Si en sus años de mozo tuvo que seguir un camino casi solitario entre las tareas campestres y las cabras que pastoreaba, con la única tutela de su estimado, a pesar de sus disputas, Ramón Sijé, con el tiempo lograría hacerse un hueco en el terreno madrileño. Su primer viaje le hizo retornar a Orihuela con cierta sensación de fracaso, pero con el material suficiente para desarrollar su poemario Perito en lunas (1933) dentro de la estela neogongorina. Bajo esa misma sombra se cobijará el cancionero El rayo que no cesa (1936), su segundo poemario. Se trata de la primera etapa de Hernández y la ubicamos lejos de esa voz cercana al pueblo y, sobre todo, reivindicativa, en que se convertirá tras el inicio de la guerra civil y donde destaca Viento del pueblo (1937).

Regresemos a El rayo que no cesa para observar el calado clásico de esta obra: un auténtico cancionero de ecos medievales y renacentistas, como el de Petrarca, con estilo barroco neogongorino, pero tiempo contemporáneo. Esta clasificación no es vana: el cancionero es una obra compuesta en su mayoría por sonetos amorosos, donde el amor es inalcanzable o imposible, mientras que el estilo neogongorino nos remite a la revisión que la poesía de Luis de Góngora tuvo en estos años y que afectó a varios poetas de la época, incluyendo el uso de un léxico más hermético, culto y latinista o la preferencia por algunos recursos retóricos como el hipérbaton. No obstante, en esta obra concreta en la que Hernández se permite elaborar y experimentar con los sonetos, también incluye imágenes que pertenecen a lo que él conocía: el mundo campestre, el del hortelano, el de los toros y el de la naturaleza abierta con la que siempre convivió este pastor poeta.
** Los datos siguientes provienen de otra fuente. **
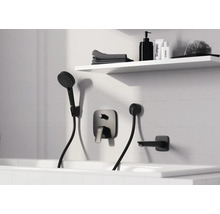 Système de douche avec douchette à main, robinetterie et bec de baignoire devant un mur blanc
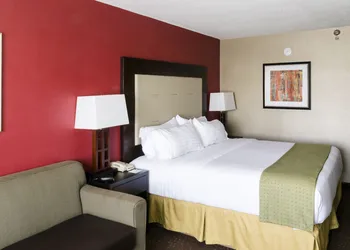 Holiday Inn Express Big Rapids by IHG hotel thumbnail 3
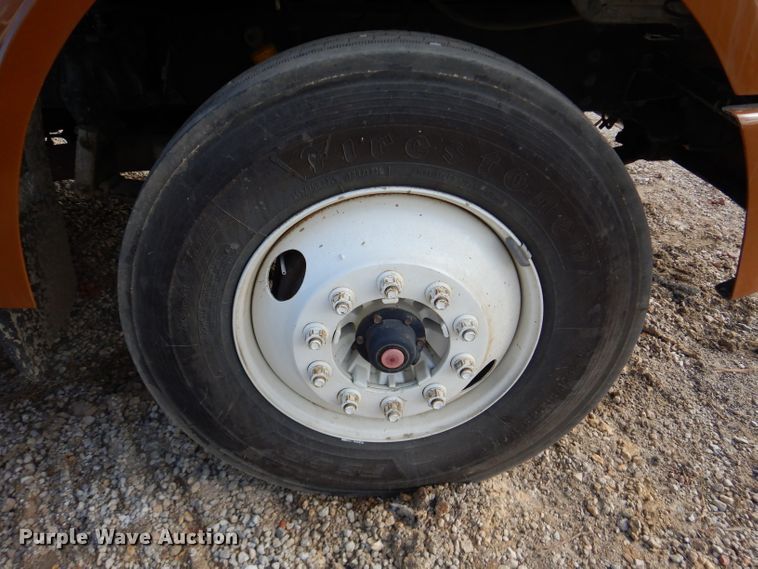 image for item DH4412 2004 Peterbilt 330 service truck with crane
Siguiendo por ese camino de los elementos propios de Hernández, quizás nos sorprenda observar poemas de expresión artificiosa o compleja de forma innecesaria. Y nos sorprende porque los encontramos juntos a otros que, aún conservando los ecos barrocos, se desarrollan con una naturalidad inusitada, una naturalidad que les otorga la honestidad que ya advertíamos en torno a la figura del poeta. Son los poemas donde se identifica al amante rechazado o de amor imposible, es decir, a la voz poética, con el hortelano que cava hacia la muerte, casi como único destino posible cuando ya el amor es inalcanzable. O bien, en varias ocasiones, con el toro, aquel que solo en la ribera llora o aquel que es burlado, lidiando con una meta que nunca se podrá lograr y que tan solo lleva, de nuevo y como en el caso del hortelano, hacia la muerte.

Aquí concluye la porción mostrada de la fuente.